**What to do**
In the entries below, find the line with "Male breast, before" and the line with "illicitinv's tweet image."; copy them and every line between them exactly, but not the pictures.

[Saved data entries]
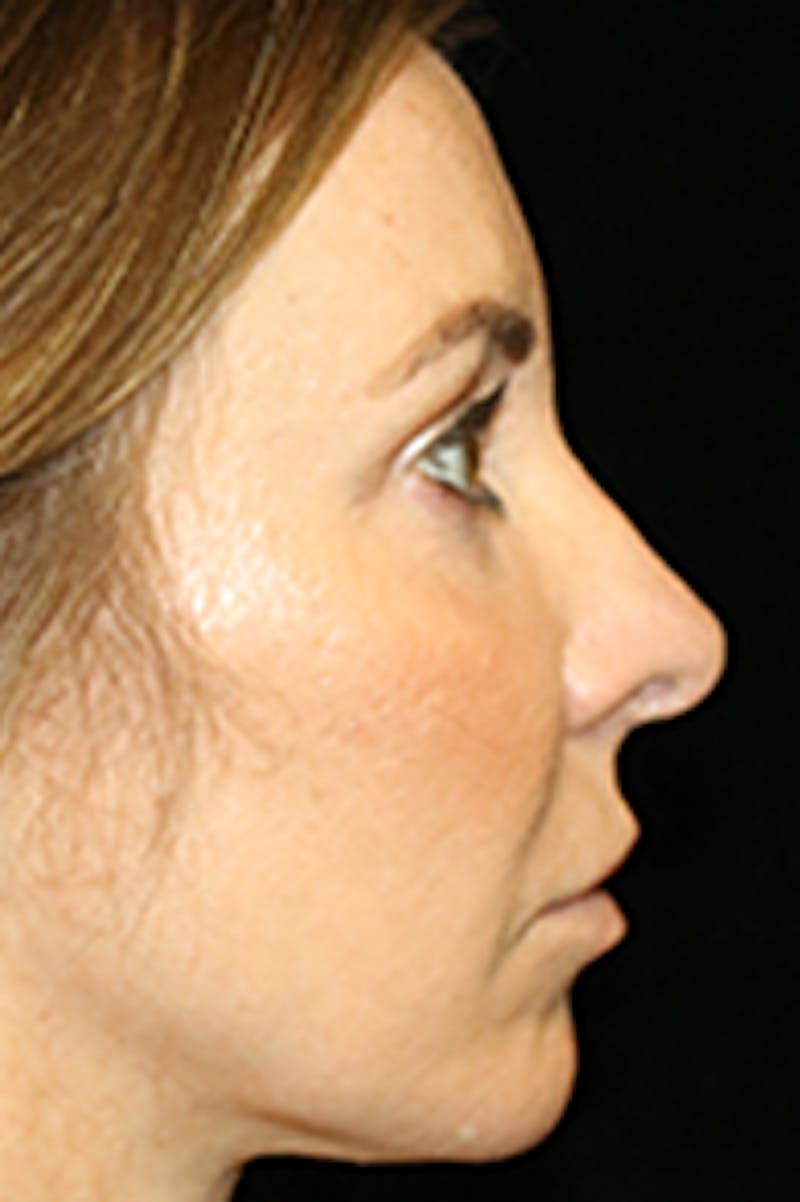 Primary Rhinoplasty Before & After Gallery - Patient 880592 - Image 4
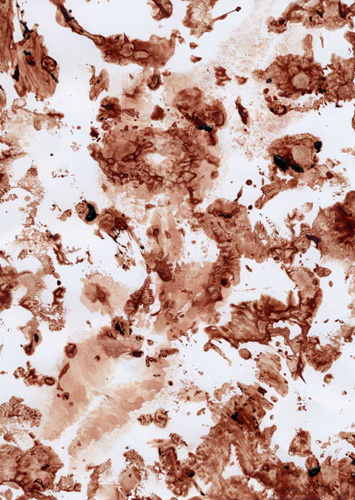 menstrual blood picture no 4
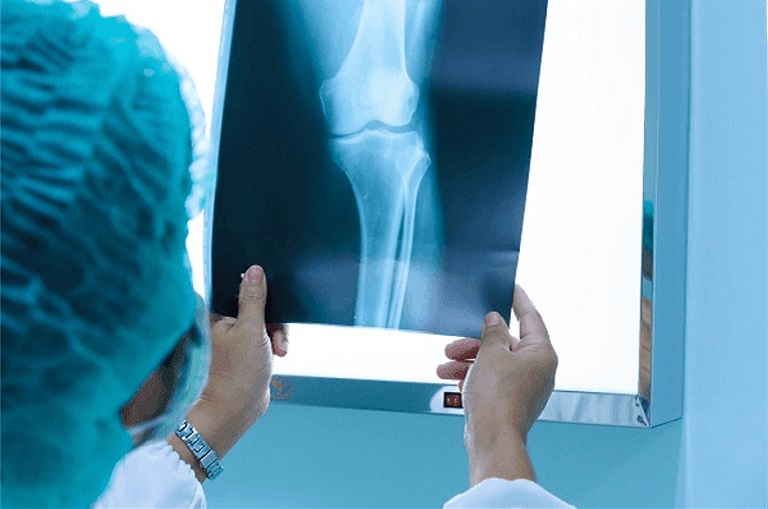 Chụp X-quang để xác định chấn thương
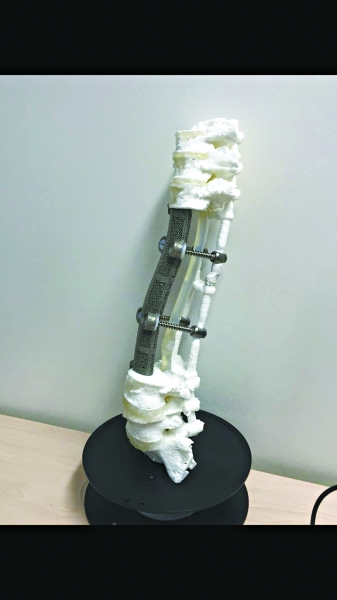 世界首个3D打印人工脊椎植入成功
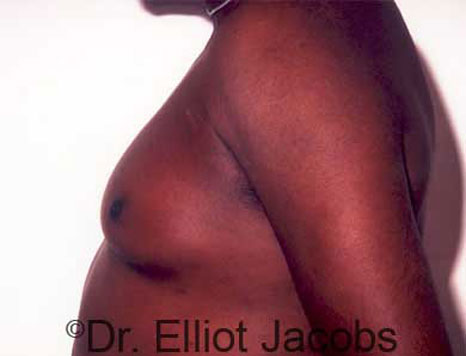 Male breast, before Gynecomastia treatment, l-side view - patient 16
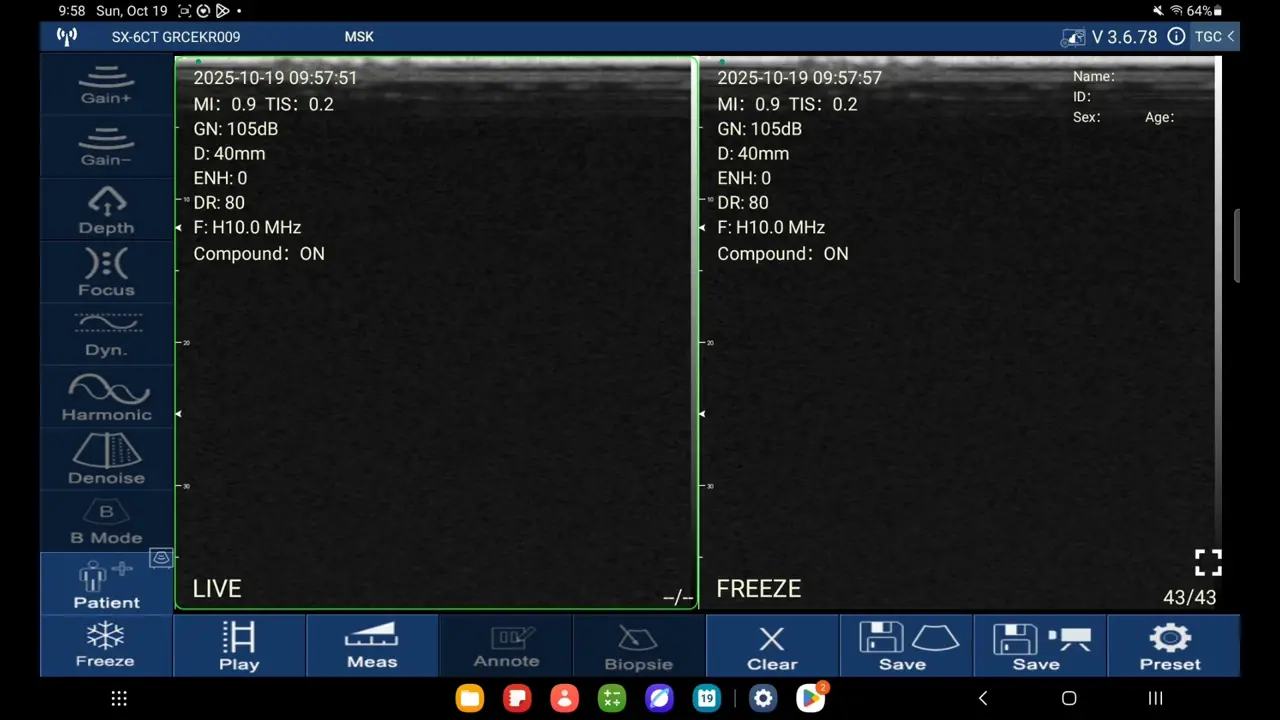 Elbow UCL, live beside a frozen frame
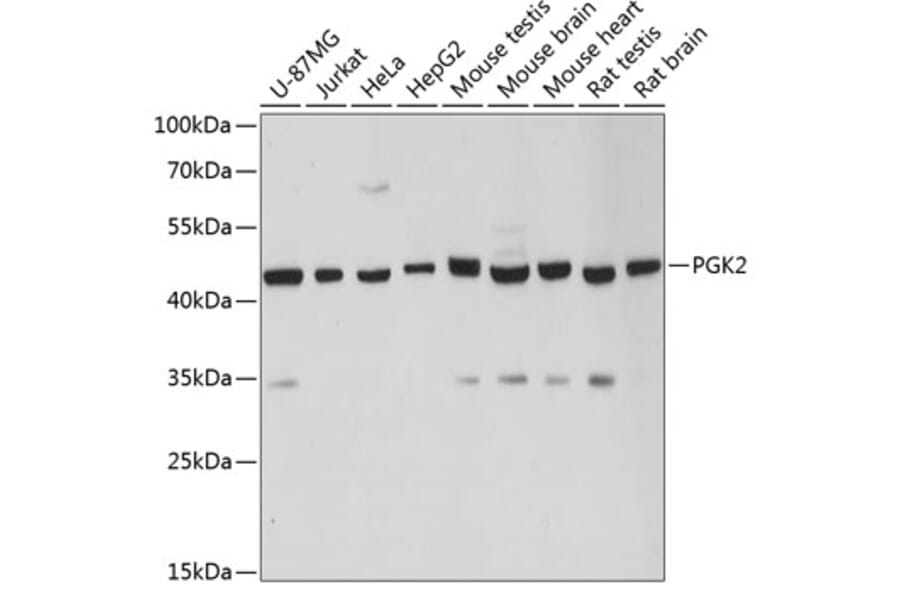 Western Blot - Anti-PGK2 Antibody (A89983) - Antibodies.com
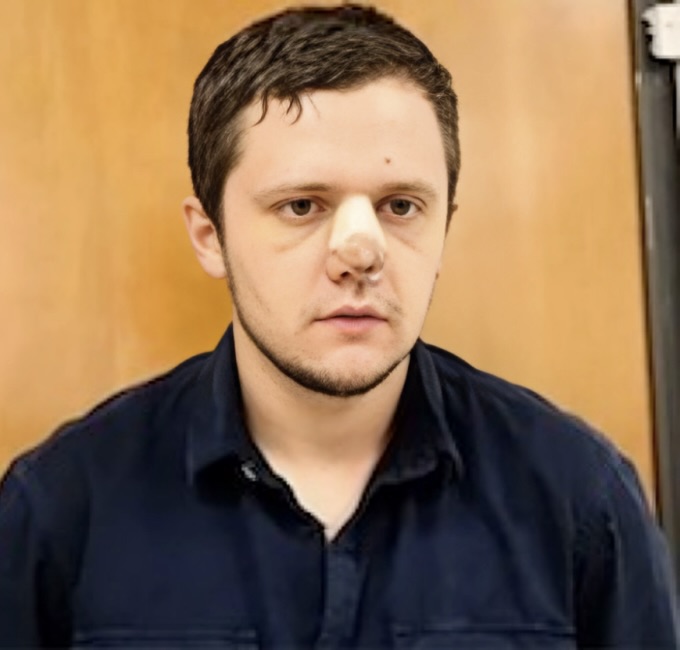 illicitinv's tweet image. #Guilty #Culpable #CJNG Rubén Oseguera González, &apos;El Menchito&apos;, de 34 años, es declarado culpable en Washington D.C. de dos cargos: narcotráfico y posesión de armas. ¿Cuántos años creen que le darán de sentencia? (Foto de su última captura en junio de 2015, recién operado de la…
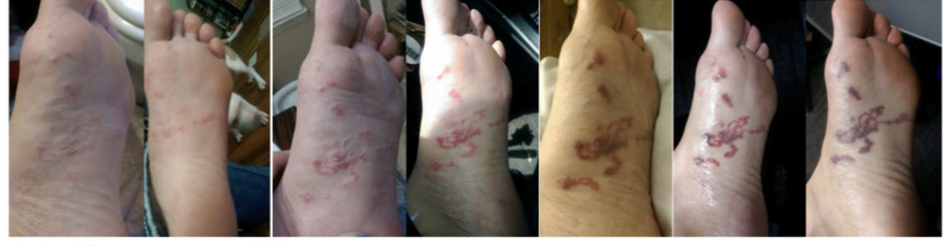 <ul><li><p><span style="background-color: transparent;"><span>•Humans exposed to L3 stage larvae&nbsp;</span></span></p></li><li><p><span style="background-color: transparent;"><span>•L3 penetrate the skins and cause a creeping eruption where localized migration occurs&nbsp;</span></span></p></li><li><p><span style="background-color: transparent;"><span>•Extremely pruritic</span></span></p></li><li><p><span style="background-color: transparent;"><span>•Self-limiting – larvae die in 5-6 weeks&nbsp;</span></span></p></li><li><p><span style="background-color: transparent;"><span>•Larvae cannot reach maturity in the human host</span></span></p></li><li><p><span style="background-color: transparent;"><span>Most commonly occurs with A.braziliense (don’t have to know for exam)&nbsp;</span></span></p><ul><li><p><span style="background-color: transparent;"><span>•Also known as “plumber’s itch”, which, as the name implies, affects plumbers who crawled in areas contaminated with larvae</span></span></p></li></ul></li></ul><p></p>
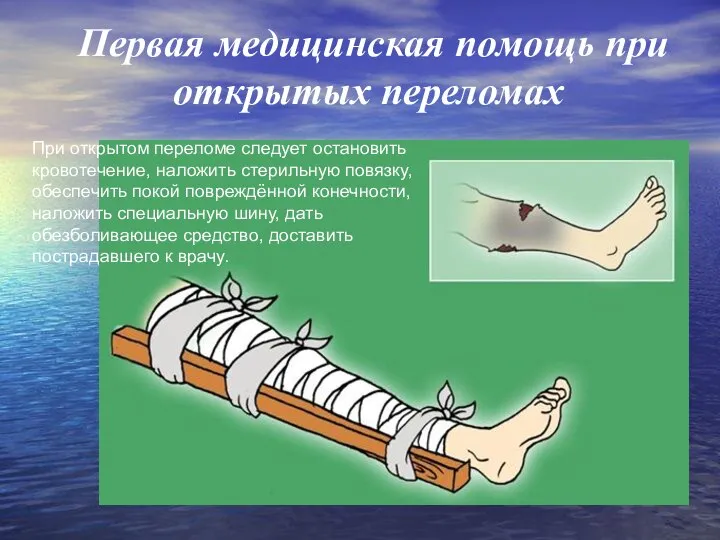 Первая медицинская помощь при открытых переломах При открытом переломе следует остановить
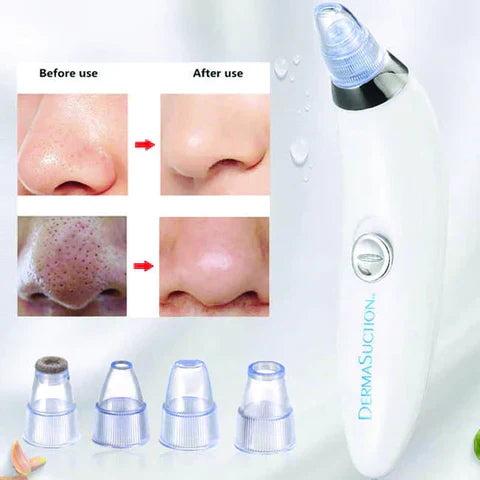 Derma Suction Blackhead, Acne, Oil Remover - Sleek Shopping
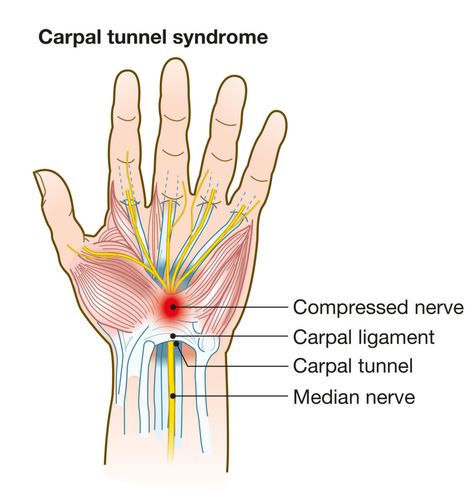 Physical Solutions | Carpal Tunnel Syndrome - Physical Solutions Carpal Tunnel Exercises, Carpal Tunnel Surgery, Median Nerve, Hip Pain Relief, Nursing School Survival, School Survival, Carpal Tunnel, Study Tools, Body Anatomy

**Response for this exercise**
 Male breast, before Gynecomastia treatment, l-side view - patient 16
 Elbow UCL, live beside a frozen frame
 Western Blot - Anti-PGK2 Antibody (A89983) - Antibodies.com
 illicitinv's tweet image. #Guilty #Culpable #CJNG Rubén Oseguera González, &apos;El Menchito&apos;, de 34 años, es declarado culpable en Washington D.C. de dos cargos: narcotráfico y posesión de armas. ¿Cuántos años creen que le darán de sentencia? (Foto de su última captura en junio de 2015, recién operado de la…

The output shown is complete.